What is needed is the exact text of each line in the listing below from the one with "Dohányzóasztal 2 pcs" up to and including the one with "Краска для волос", and no pictures.

• _Provided records_:
---
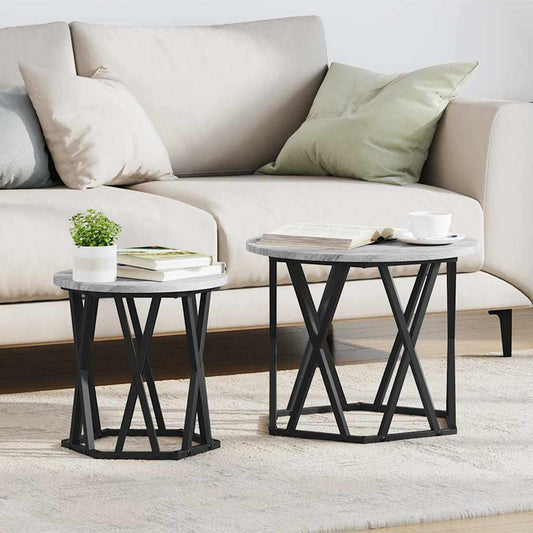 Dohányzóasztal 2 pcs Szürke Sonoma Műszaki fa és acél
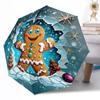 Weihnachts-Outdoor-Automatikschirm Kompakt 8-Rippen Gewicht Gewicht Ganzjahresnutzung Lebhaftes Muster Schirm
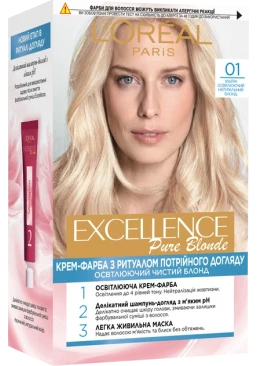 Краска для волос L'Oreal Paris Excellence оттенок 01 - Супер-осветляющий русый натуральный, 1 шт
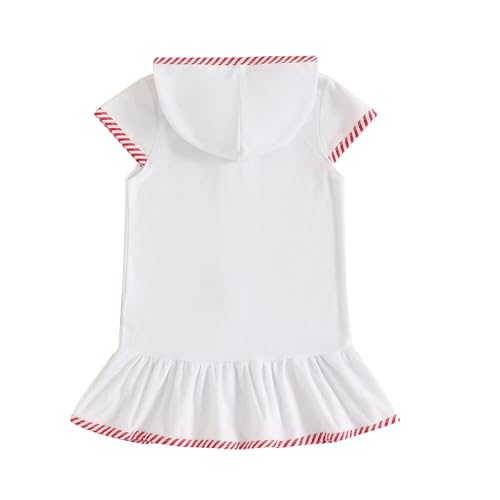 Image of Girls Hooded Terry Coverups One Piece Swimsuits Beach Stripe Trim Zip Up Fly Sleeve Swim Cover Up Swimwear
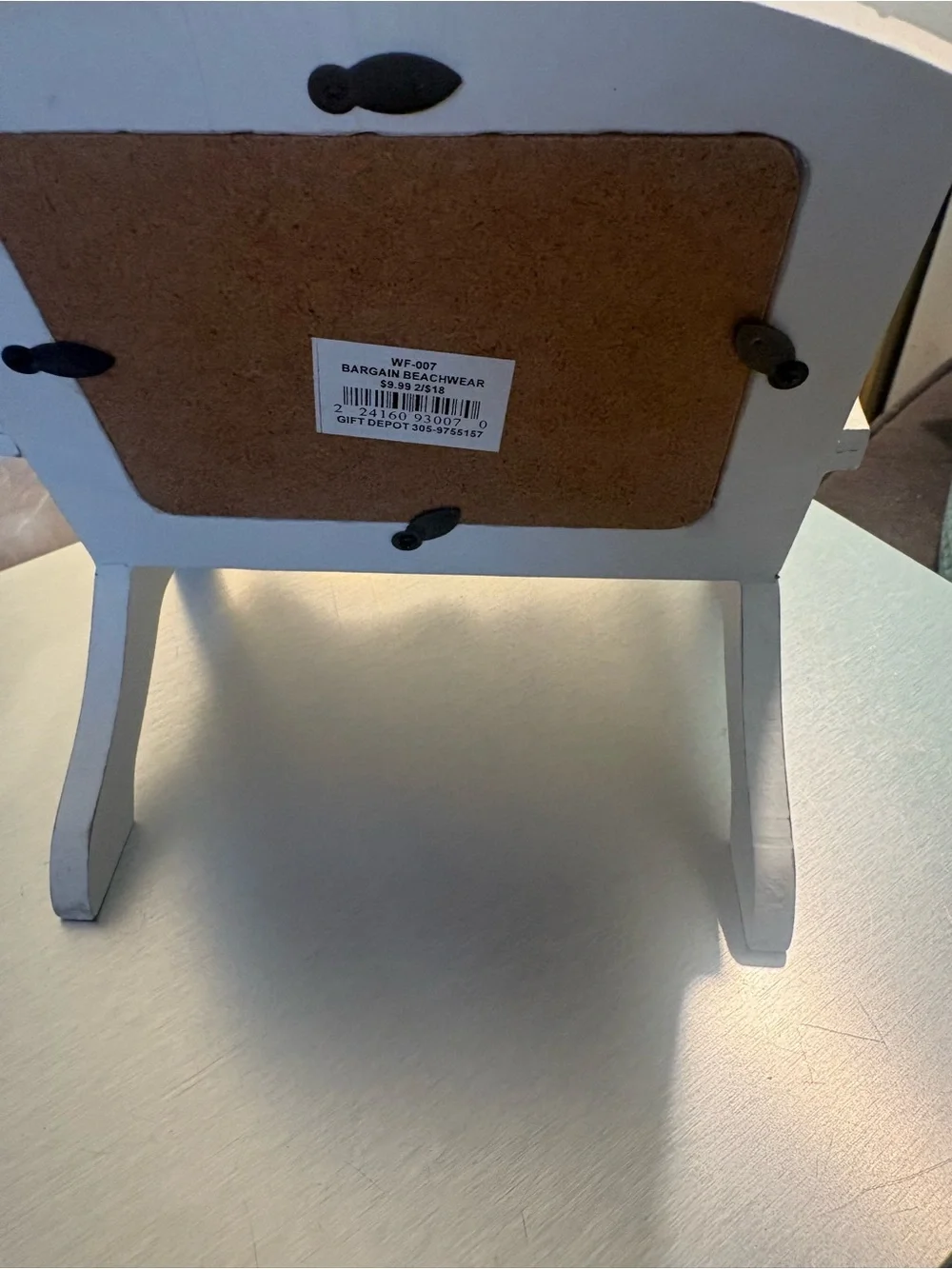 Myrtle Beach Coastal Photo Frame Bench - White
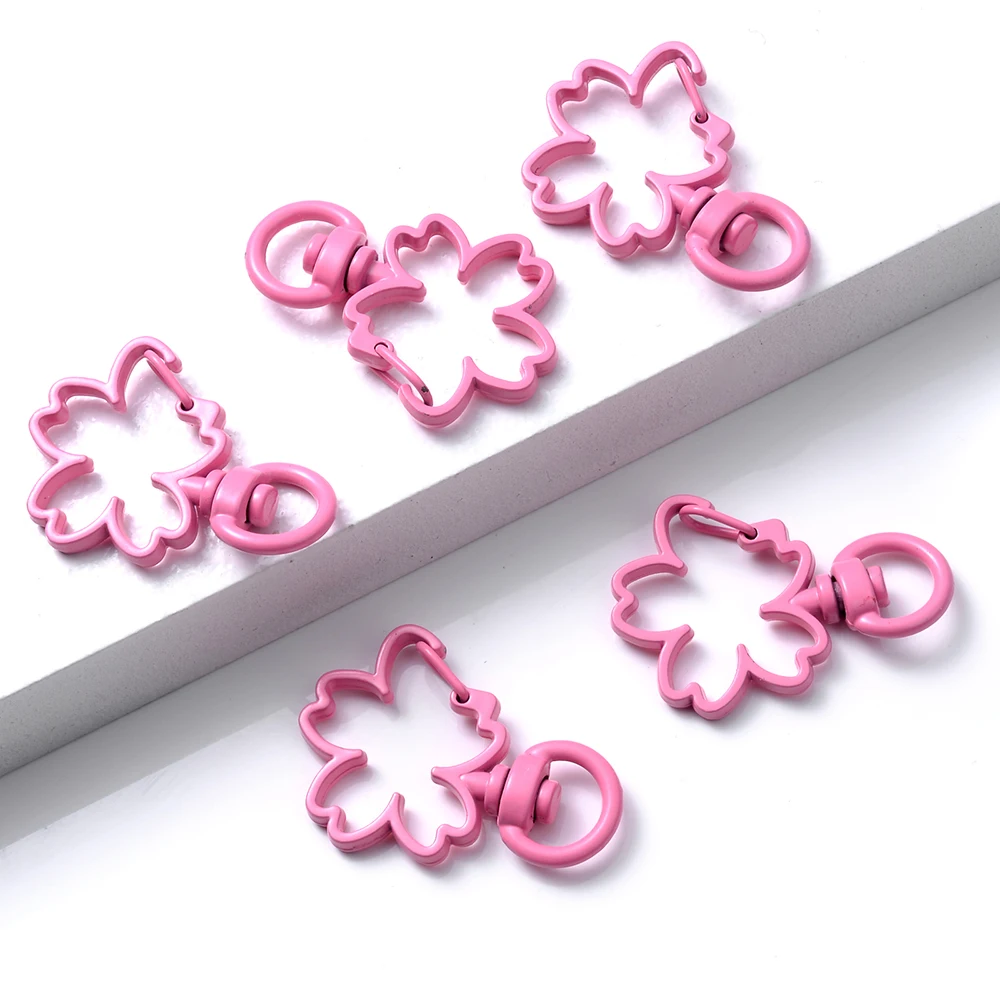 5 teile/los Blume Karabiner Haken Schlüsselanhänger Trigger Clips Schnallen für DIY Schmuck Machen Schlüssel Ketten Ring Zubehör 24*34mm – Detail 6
---
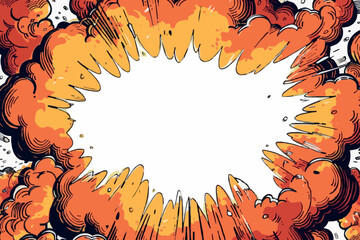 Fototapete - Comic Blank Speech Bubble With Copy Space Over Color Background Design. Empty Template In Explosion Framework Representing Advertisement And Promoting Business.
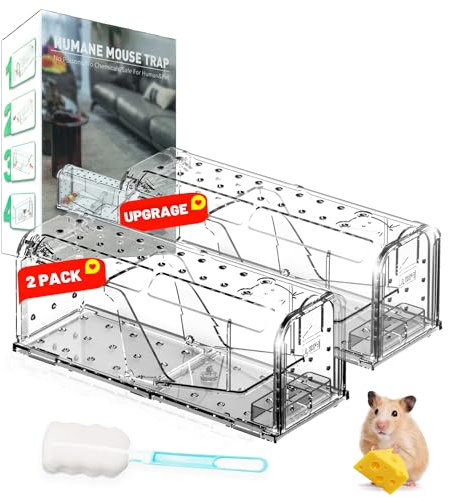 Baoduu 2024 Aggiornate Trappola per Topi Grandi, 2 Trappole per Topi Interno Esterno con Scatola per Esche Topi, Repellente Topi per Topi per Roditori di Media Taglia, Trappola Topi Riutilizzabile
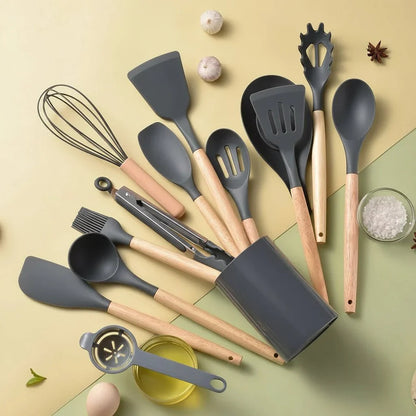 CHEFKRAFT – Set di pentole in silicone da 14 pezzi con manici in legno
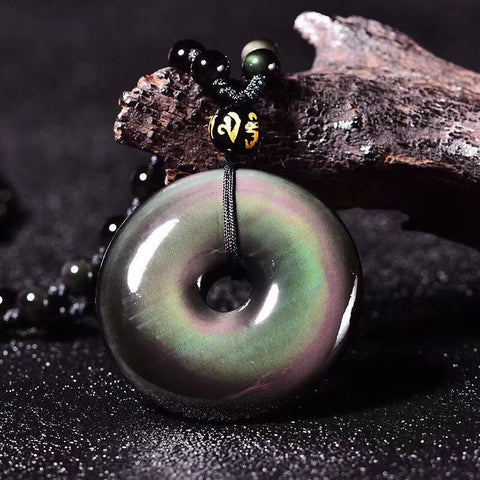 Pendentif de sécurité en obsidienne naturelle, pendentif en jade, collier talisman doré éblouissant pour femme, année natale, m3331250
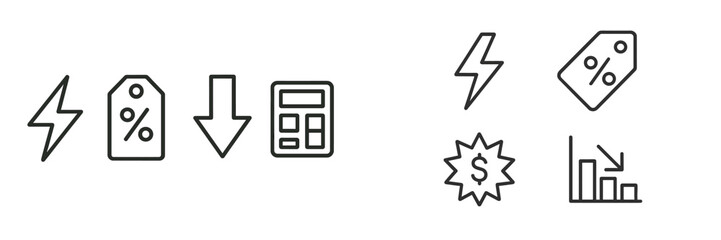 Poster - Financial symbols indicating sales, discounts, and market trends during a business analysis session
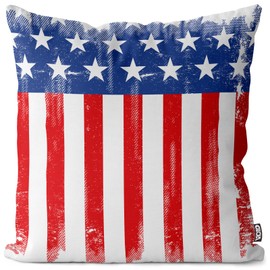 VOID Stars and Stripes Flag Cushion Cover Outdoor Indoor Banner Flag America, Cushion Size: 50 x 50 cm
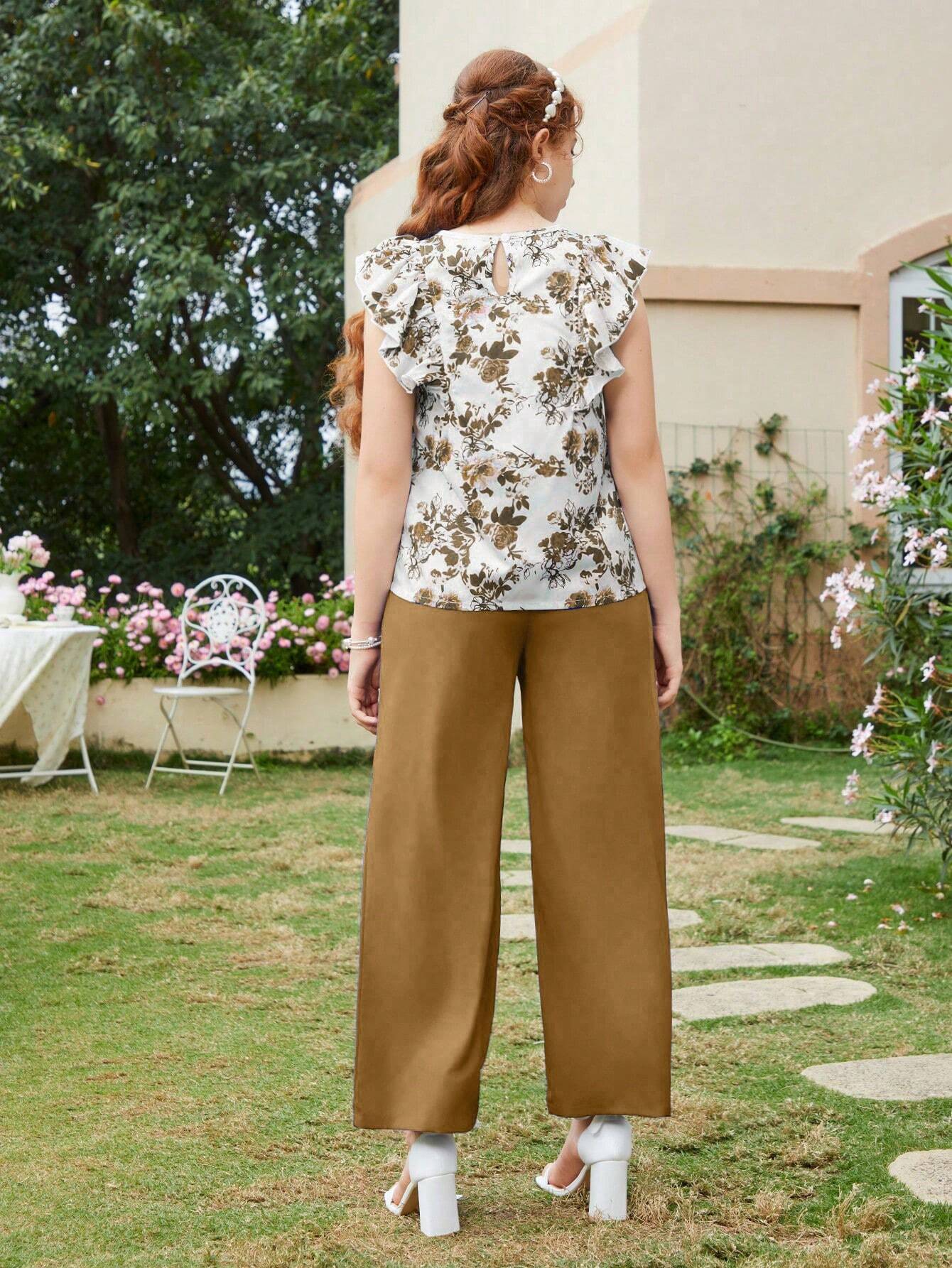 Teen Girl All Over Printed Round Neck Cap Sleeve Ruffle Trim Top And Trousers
---
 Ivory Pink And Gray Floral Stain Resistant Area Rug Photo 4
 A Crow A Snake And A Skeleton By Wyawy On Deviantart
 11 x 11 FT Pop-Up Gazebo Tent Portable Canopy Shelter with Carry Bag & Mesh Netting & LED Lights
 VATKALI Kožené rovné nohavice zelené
---
• _Answer space_:
 Dohányzóasztal 2 pcs Szürke Sonoma Műszaki fa és acél
 Weihnachts-Outdoor-Automatikschirm Kompakt 8-Rippen Gewicht Gewicht Ganzjahresnutzung Lebhaftes Muster Schirm
 Краска для волос L'Oreal Paris Excellence оттенок 01 - Супер-осветляющий русый натуральный, 1 шт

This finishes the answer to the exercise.